Now, I came across the following statement from class.dtor:
For an object with a non-trivial constructor, referring to any non-static member or base class of the object before the constructor begins execution results in undefined behavior. For an object with a non-trivial destructor, referring to any non-static member or base class of the object after the destructor finishes execution results in undefined behavior.
(emphasis mine)
Now does the standard specifies exactly when(at what point) the constructor execution begins?
To give you some more context consider the example:
class A {
public:
A(int)
{
}
};
class B : public A {
int j;
public:
int f()
{
return 4;
}
//------v-----------------> #2
B() : A(f()),
//------------^-----------> #3
j(f())
//------------^-----------> #4
{ //<---------------#5
}
};
int main()
{
B b; #1
return 0;
}
My questions are:
At what point does the derived class' constructor B::B() start executing according to the standard? Note that I know that A(f()) is undefined behavior. Does B::B() starts executing at point #1, #2, #3, #4 or #5. In other words, does the standard specifies exactly when(at what point) the constructor execution begins?

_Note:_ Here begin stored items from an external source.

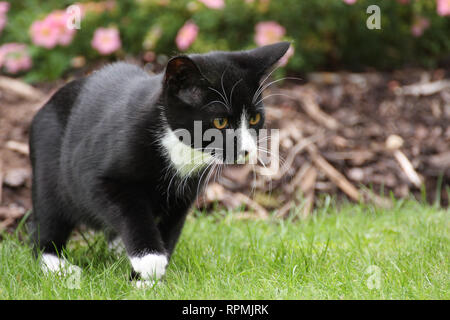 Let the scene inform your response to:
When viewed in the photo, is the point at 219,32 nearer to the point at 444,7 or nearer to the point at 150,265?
the point at 444,7

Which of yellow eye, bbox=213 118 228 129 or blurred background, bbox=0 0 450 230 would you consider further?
blurred background, bbox=0 0 450 230

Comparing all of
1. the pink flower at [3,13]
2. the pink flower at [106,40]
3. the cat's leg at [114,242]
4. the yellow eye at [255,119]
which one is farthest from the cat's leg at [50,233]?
the pink flower at [3,13]

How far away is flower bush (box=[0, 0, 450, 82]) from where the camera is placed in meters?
5.01

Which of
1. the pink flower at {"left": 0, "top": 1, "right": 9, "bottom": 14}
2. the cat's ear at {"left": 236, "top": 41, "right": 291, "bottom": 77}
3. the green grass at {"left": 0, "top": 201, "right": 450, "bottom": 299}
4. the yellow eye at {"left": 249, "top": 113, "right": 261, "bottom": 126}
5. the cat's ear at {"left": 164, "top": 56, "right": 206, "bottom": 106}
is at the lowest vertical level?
the green grass at {"left": 0, "top": 201, "right": 450, "bottom": 299}

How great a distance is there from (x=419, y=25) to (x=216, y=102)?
340 centimetres

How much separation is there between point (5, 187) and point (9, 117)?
944 mm

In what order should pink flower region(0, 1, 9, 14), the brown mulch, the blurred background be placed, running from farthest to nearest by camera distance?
pink flower region(0, 1, 9, 14), the blurred background, the brown mulch

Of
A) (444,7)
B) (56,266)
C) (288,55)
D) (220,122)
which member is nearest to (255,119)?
(220,122)

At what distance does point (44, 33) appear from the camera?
198 inches

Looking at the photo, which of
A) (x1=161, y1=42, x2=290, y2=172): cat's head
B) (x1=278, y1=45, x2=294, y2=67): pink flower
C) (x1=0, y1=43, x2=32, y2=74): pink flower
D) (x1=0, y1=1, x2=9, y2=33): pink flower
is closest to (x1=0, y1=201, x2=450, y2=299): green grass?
(x1=161, y1=42, x2=290, y2=172): cat's head

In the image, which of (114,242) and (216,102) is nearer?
(216,102)

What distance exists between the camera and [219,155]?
8.76 feet

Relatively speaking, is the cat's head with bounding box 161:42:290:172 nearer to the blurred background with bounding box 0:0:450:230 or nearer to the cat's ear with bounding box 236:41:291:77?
the cat's ear with bounding box 236:41:291:77

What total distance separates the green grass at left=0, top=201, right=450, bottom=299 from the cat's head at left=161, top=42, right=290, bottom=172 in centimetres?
55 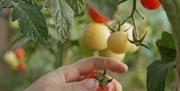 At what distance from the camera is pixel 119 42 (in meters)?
1.02

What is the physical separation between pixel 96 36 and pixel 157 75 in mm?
372

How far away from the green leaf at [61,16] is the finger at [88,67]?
400 millimetres

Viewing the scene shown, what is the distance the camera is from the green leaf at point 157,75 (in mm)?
865

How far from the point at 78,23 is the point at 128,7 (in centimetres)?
44

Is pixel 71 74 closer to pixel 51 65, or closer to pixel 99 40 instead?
pixel 99 40

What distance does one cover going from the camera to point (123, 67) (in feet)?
3.82

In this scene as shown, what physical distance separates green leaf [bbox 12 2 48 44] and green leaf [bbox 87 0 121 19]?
0.18 m

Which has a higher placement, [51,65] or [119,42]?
[119,42]

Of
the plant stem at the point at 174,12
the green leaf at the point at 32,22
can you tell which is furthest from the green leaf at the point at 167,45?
the green leaf at the point at 32,22

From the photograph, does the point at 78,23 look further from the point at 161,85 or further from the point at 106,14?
the point at 106,14

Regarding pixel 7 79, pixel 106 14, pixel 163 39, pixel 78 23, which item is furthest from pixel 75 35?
pixel 7 79

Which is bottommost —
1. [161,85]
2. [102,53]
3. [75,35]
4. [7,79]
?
[7,79]

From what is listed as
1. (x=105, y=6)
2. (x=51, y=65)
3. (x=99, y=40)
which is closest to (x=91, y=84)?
(x=99, y=40)

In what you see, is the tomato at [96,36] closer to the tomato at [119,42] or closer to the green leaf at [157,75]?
the tomato at [119,42] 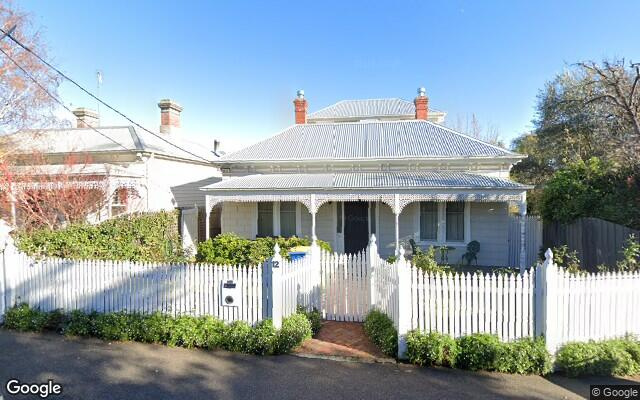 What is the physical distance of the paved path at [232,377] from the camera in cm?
450

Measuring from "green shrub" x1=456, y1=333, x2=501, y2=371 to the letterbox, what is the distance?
3.47 m

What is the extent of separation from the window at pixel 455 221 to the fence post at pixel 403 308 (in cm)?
818

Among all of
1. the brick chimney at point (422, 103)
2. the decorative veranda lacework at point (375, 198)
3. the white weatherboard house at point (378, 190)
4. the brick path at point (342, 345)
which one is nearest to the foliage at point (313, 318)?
the brick path at point (342, 345)

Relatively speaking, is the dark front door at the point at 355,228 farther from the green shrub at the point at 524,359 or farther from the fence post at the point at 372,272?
the green shrub at the point at 524,359

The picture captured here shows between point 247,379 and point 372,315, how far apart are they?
2.49 meters

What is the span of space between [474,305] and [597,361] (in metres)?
1.65

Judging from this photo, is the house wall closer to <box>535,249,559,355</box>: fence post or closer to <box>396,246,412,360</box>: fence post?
<box>396,246,412,360</box>: fence post

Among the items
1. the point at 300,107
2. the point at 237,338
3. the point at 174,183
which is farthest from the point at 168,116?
the point at 237,338

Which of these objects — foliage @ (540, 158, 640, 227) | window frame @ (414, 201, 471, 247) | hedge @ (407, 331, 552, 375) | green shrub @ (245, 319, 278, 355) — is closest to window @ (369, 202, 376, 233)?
window frame @ (414, 201, 471, 247)

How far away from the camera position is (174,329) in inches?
233

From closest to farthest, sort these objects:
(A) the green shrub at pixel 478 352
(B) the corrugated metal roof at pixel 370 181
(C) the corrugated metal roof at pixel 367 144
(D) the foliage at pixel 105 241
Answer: (A) the green shrub at pixel 478 352 → (D) the foliage at pixel 105 241 → (B) the corrugated metal roof at pixel 370 181 → (C) the corrugated metal roof at pixel 367 144

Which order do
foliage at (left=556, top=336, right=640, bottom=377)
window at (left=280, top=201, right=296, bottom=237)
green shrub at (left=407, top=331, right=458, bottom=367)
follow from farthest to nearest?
1. window at (left=280, top=201, right=296, bottom=237)
2. green shrub at (left=407, top=331, right=458, bottom=367)
3. foliage at (left=556, top=336, right=640, bottom=377)

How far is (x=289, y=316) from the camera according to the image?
6.15 m

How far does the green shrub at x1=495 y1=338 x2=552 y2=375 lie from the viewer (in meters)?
4.95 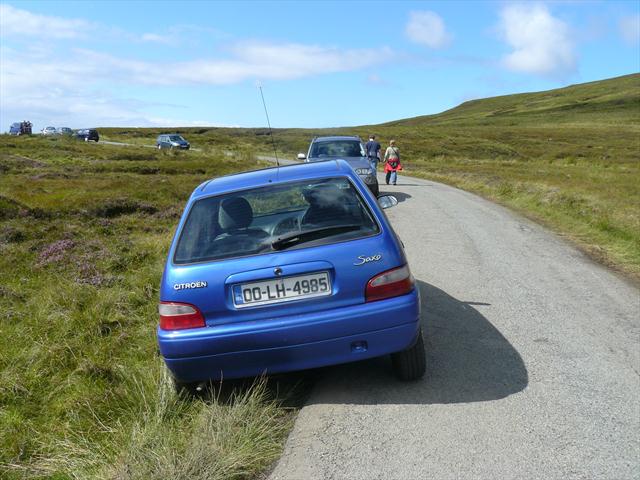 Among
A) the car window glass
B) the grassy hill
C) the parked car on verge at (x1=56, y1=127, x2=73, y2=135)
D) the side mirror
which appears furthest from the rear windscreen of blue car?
the grassy hill

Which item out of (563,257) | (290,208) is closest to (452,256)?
(563,257)

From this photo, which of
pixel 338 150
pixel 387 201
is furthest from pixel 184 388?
pixel 338 150

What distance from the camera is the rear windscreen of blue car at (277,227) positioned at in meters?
3.86

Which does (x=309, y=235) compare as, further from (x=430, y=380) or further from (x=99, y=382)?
(x=99, y=382)

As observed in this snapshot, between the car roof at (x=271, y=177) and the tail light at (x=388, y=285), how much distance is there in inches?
43.4

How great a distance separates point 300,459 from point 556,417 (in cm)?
168

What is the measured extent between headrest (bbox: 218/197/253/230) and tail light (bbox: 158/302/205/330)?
2.50 feet

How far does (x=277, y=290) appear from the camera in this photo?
371 cm

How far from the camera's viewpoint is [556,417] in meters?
3.52

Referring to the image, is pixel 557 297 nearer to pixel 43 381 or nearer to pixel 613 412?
pixel 613 412

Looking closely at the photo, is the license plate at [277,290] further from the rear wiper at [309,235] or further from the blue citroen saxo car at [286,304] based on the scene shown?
the rear wiper at [309,235]

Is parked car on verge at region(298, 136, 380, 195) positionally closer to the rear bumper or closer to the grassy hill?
the rear bumper

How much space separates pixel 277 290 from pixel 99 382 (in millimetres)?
2042

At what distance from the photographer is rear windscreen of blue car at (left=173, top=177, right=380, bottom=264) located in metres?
3.86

Is construction and initialization the same in this given example. I mean I understand that in the member initializer list where we have j(f()), we're initializing data member j but does this initialization also implies that the construction B::B() has begun executing at point #4?
I read in a recent SO post that execution of derived ctor begins at point #4 and so that post also seem to suggest that Initialisation and construction is the same.
I read many posts before asking this question but I wasn't able to come up with an answer that is right according to the C++ standard.
I also read this which seems to suggest that allocation, initialization and construction are all different:
Allocation
This is the step where memory is allocated for the object.
Initialization
This is the step where the language related object properties are "set". The vTable and any other "language implementation" related operations are done.
Construction
Now that an object is allocated and initialized, the constructor is being executed. Whether the default constructor is used or not depends on how the object was created.
As you can see above, the user claims that all of the mentioned terms are different as opposed to what is suggested by C++ primer. So which claim is correct here according to the standard, C++ Primer(which says that construction and Initialisation is same) or the above quoted quoted answer(what says that construction and Initialisation are different).
Initialization and construction are somewhat similar, but not the same.
For objects of class types, initialization is done by calling a constructor (there are exceptions, e.g. aggregate initialization doesn't use a constructor; and value-initialization zeros the members in before calling a constructor).
Non-class types don't have constructors, so they are initialized without them.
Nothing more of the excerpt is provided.